I have a VPN with a gateway, and an application server. The app server only knows about the gateway of the VPN. The gateway of the VPN knows about the gateway of the physical network the vms are hosted on.
Problem: I can't reach api.twitter.com from the application server. Observation : the cache is filled with entries showing the physical gateway IP address.
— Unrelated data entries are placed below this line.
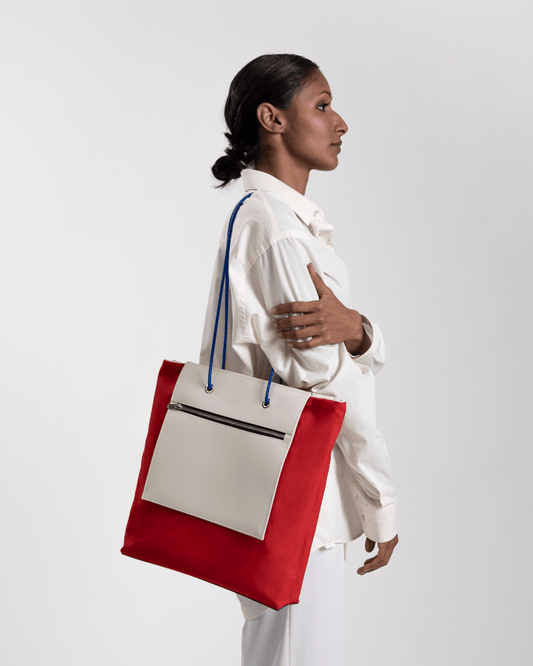 Sac à Main Réversible Rouge et Clair - Fourre-tout Grande Capacité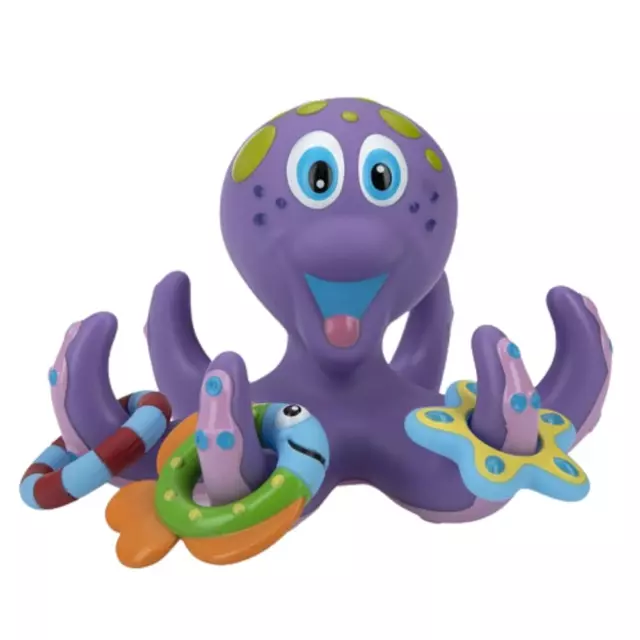 Floating Purple Octopus with 3 Hoopla Rings Interactive Bath Toy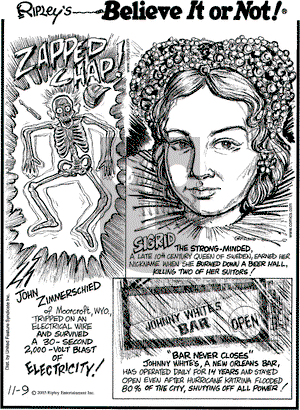 Ripley's Believe It or Not on Wednesday November 9, 2005 Comic Strip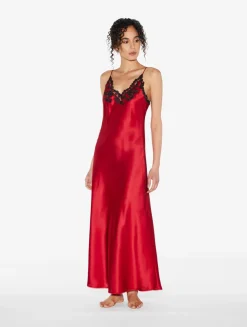 La Perla Camisón Largo De Seda Roja Con Frastaglio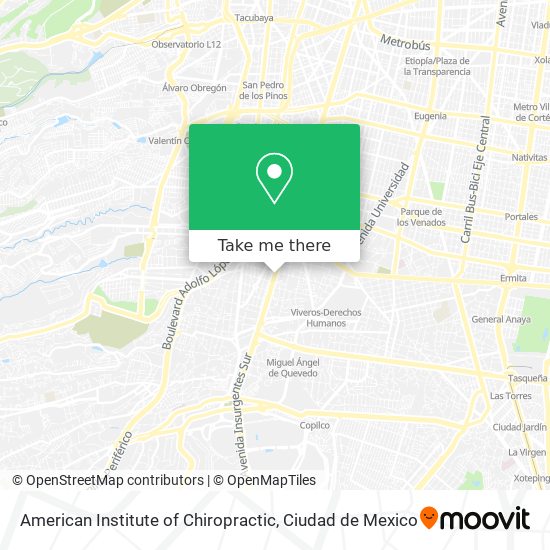 Mapa de American Institute of Chiropractic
Here is an excerpt :
ip -s route show cache 199.16.156.40
199.16.156.40 via 37.59.245.62 dev eth0 src 10.1.4.20
cache <redirected> used 170 age 22sec ipid 0x9e49
199.16.156.40 from 10.1.4.20 via 37.59.245.62 dev eth0
cache <redirected> age 25sec ipid 0x9e49
IPs beginning with 199 are twitter IPs. 37.59.245.62
is the IP of the physical gateway. 10.1.4.20
is the VPN IP of the VPN's gateway.
The IP of the physical gateway only appears for entries dealing with twitter's servers.
Why does this machine cache routes with IPs it does not have direct access to ?
Previous question showing that flushing the cache solves the problem temporarily
Why does it cache? The same reason caches are used in any other situation, to prevent the overhead of a route lookup. The reason you're seeing "external" gateways are more than likely ICMP messages coming back informing you that the that IP is unavailable.
I asked this somewhere else, and it turns out the solution was to turn off ICMP redirects.